Exercise:
From the data below, return the exact lines starting at the line containing "Parayuhina diademata" and ending at the line containing "Alpacas excited by the snow! 🦙☃️", both included, and nothing else.

Input data:

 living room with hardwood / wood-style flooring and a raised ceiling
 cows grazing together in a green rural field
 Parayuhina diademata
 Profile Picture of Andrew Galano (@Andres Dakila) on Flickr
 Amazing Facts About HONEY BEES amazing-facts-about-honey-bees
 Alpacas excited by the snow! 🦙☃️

* * *

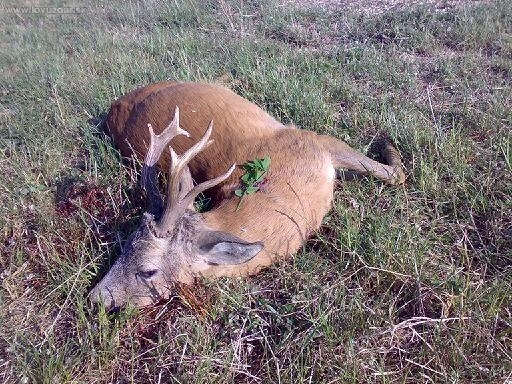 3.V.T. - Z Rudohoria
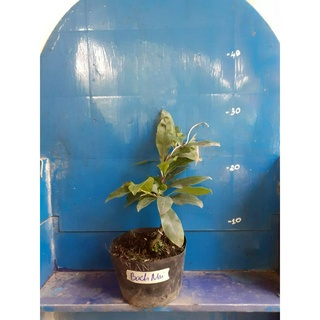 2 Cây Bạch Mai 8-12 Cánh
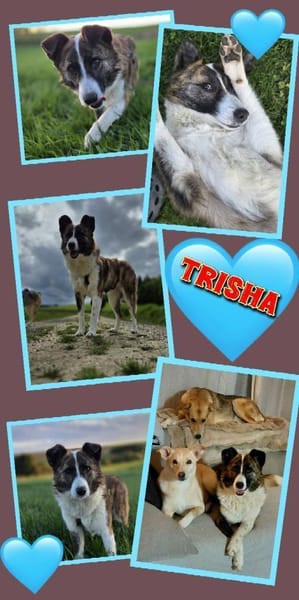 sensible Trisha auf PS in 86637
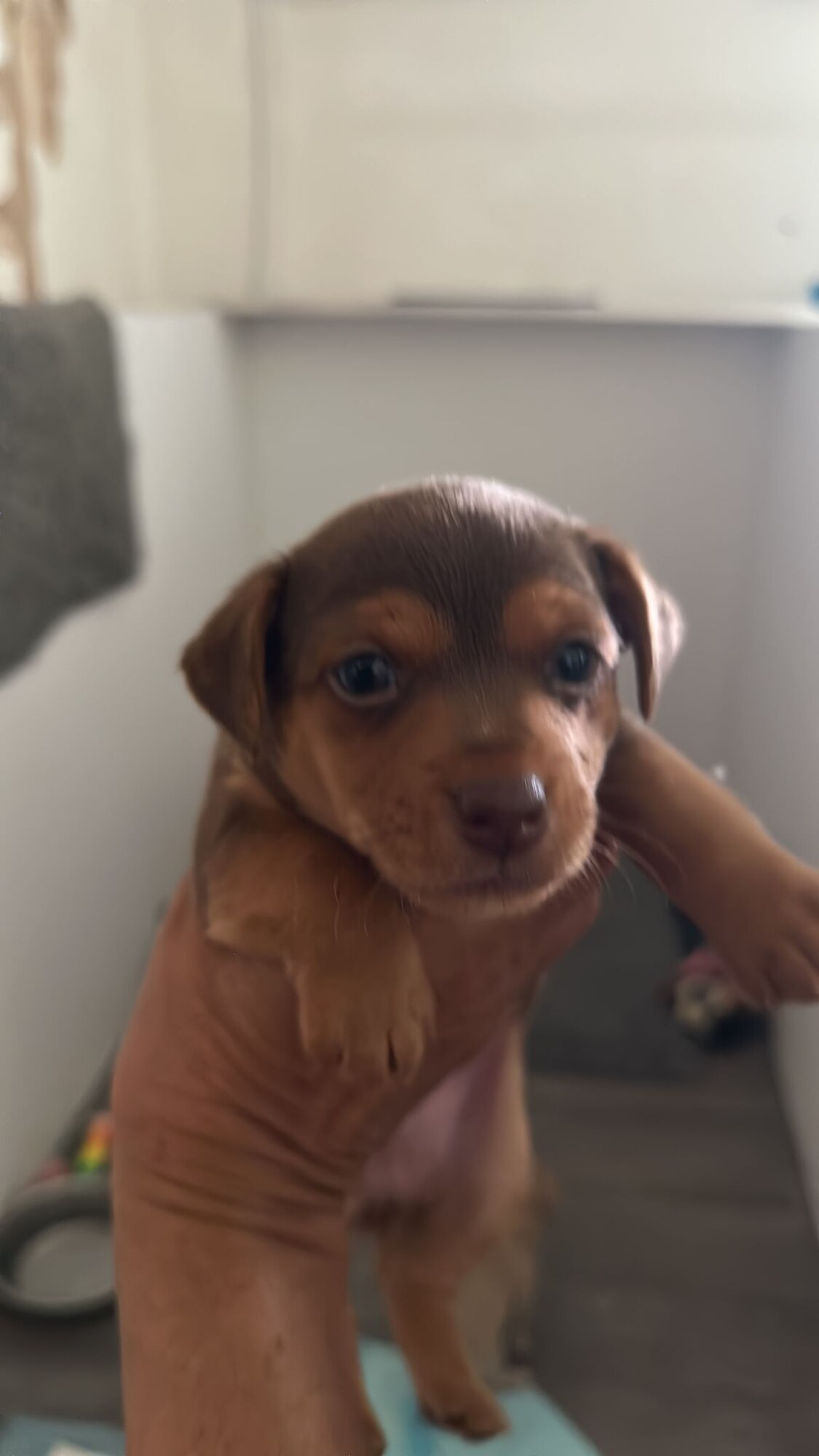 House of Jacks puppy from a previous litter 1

==

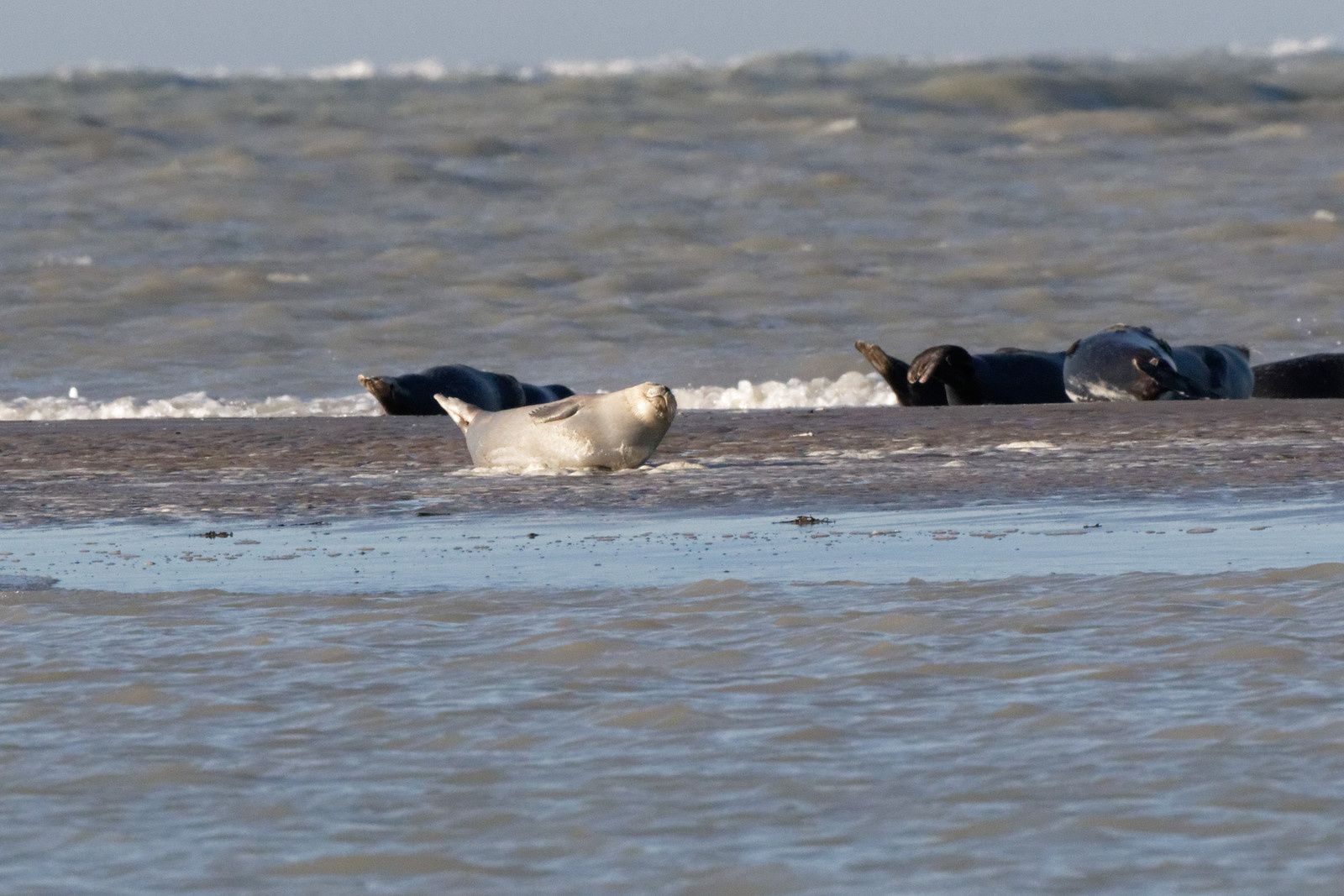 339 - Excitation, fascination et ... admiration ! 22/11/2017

Exercise output:
 Parayuhina diademata
 Profile Picture of Andrew Galano (@Andres Dakila) on Flickr
 Amazing Facts About HONEY BEES amazing-facts-about-honey-bees
 Alpacas excited by the snow! 🦙☃️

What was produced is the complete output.